Assignment
The following data has a line with "QR code for 7T3489Z" and a line with "Victor Safonov". Write out exactly those lines and all the lines between them.

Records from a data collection

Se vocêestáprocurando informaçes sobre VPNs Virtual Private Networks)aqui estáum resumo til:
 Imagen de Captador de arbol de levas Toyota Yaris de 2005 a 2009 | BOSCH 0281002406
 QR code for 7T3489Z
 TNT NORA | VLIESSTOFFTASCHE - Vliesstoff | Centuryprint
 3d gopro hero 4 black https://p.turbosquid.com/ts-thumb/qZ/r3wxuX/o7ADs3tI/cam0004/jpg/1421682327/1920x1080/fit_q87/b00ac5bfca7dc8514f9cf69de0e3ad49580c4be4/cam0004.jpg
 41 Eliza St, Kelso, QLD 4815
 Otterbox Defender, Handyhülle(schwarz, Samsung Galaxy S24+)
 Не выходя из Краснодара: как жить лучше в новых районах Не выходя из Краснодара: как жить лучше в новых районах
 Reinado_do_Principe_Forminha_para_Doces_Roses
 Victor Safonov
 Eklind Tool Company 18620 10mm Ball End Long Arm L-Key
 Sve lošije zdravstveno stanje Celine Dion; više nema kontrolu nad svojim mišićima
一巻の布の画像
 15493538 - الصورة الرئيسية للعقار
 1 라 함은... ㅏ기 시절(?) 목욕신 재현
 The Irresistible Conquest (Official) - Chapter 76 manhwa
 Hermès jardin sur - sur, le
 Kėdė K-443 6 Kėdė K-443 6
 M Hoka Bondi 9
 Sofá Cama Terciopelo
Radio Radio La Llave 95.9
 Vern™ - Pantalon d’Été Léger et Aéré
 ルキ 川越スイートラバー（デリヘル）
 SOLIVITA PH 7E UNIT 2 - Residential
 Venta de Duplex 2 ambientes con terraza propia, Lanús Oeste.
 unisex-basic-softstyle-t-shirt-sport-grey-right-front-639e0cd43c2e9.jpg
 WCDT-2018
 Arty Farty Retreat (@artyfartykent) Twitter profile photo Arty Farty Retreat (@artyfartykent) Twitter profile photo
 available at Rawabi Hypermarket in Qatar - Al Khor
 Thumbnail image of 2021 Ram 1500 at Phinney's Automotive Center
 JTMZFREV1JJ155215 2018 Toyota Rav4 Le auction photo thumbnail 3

Your solution
 QR code for 7T3489Z
 TNT NORA | VLIESSTOFFTASCHE - Vliesstoff | Centuryprint
 3d gopro hero 4 black https://p.turbosquid.com/ts-thumb/qZ/r3wxuX/o7ADs3tI/cam0004/jpg/1421682327/1920x1080/fit_q87/b00ac5bfca7dc8514f9cf69de0e3ad49580c4be4/cam0004.jpg
 41 Eliza St, Kelso, QLD 4815
 Otterbox Defender, Handyhülle(schwarz, Samsung Galaxy S24+)
 Не выходя из Краснодара: как жить лучше в новых районах Не выходя из Краснодара: как жить лучше в новых районах
 Reinado_do_Principe_Forminha_para_Doces_Roses
 Victor Safonov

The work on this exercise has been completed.